The buzz would also build (on both sides of the pond) after Sheeran supplied tunes to red-hot boy band One Direction.
Brits embraced Sheeran in full measure (if not with lots of moola) when his first mainstream-label album came out. “+” (pronounced “plus”) became “the most illegally downloaded record in England,” he proudly proclaimed in a radio interview. “And worldwide, it’s been downloaded 43 million times. It feels amazing to know I’m on so many people’s iPods.”
Then the floodgates opened here, especially after Sheeran won stateside tour slots opening for Snow Patrol, and for Taylor Swift on her “Red” tour.

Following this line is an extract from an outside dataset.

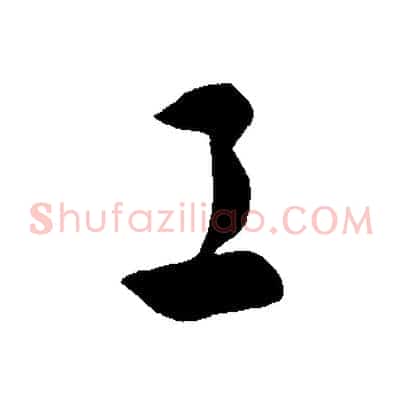 工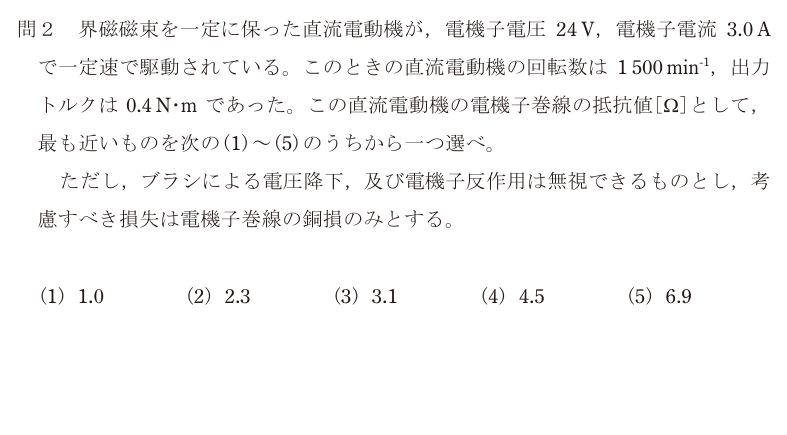 令和6年度 下期 機械 問2 の問題文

She and he got along famously and even wrote and recorded some songs together (at least one while bouncing on her trampoline) that were supposed to wind up on a deluxe edition of “Red.”
They “will see the light of day eventually,” he told me. (Though this dynamic duo is about to be upstaged by “She and Me,” an unexpectedly folkie collaboration between City and Colour’s Dallas Green and Bucks County-spawned pop diva Pink.)

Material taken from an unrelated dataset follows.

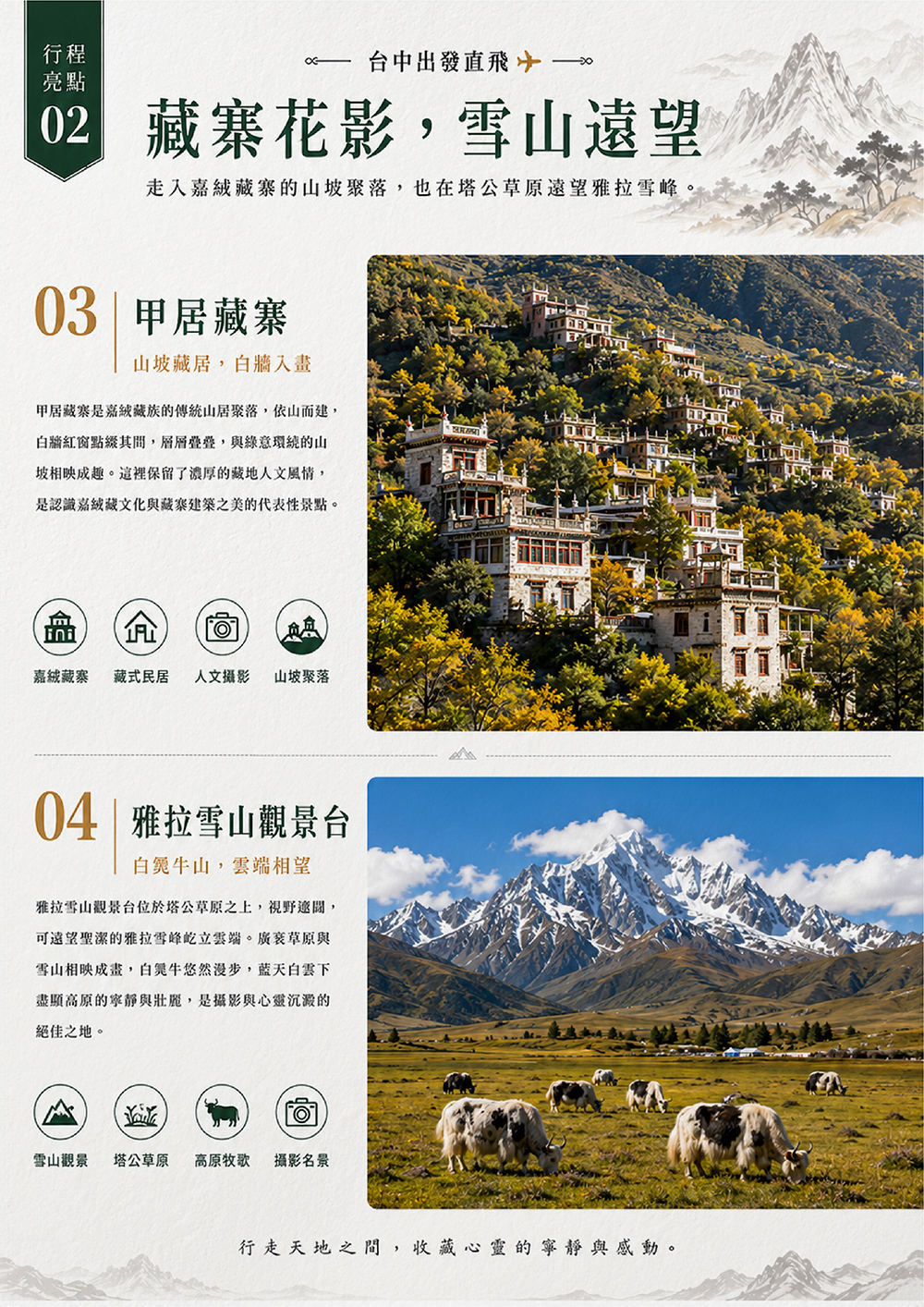 成都.四姑娘山.丹巴.雅江.理塘.日瓦~亞丁風景區.康定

Also in Sheeran’s future, he hinted, is another in a series of folk-meets-hip-hop collaborations, this time with the Game, maybe some music recorded with Usher and more movie soundtrack placements.
Sheeran supplied the Celtic-flavored closing-credits tune “I See Fire” (also on “X”) for “The Hobbit: The Desolation of Smaug” and a heart-tugging ballad (but aren’t they all?), “All of the Stars,” for this summer’s romance “The Fault in Our Stars.”
“But I really shouldn’t talk about what’s coming up,” he demurred. “There’s the current album to promote. And it’s up to the people who asked me to collaborate to announce their timing.”
Yeah, it seems that Sheeran has been coached on working the career side of his life a bit more professionally.
He certainly took a page from the Taylor Swift book with “Don’t,” a gossipmonger’s dream of a tell-all (even the loose-lipped Swift was shocked, he said) about a fellow female performer who, in the song, slips out of his arms and down the hotel hall to another guy’s room and embrace. The chorus even drops the bomb “Don’t f_with my love, that heart is so cold.”
Though his fan base is primarily young, “they don’t want to be spoon-fed, they want you to keep it real,” he said, also rationalizing other modern malaises he’s shared of getting drunk, reaching for a spliff or, on “Bloodstream,” maybe worse, moaning, “God forgive me what I’ve done.”
In truth, media speculation about who inspired “Don’t” has been great for Sheeran’s brand, though he’ll neither confirm nor deny reports that the subject is his used-to-be public companion Ellie Goulding. And she’s denied the whole thing.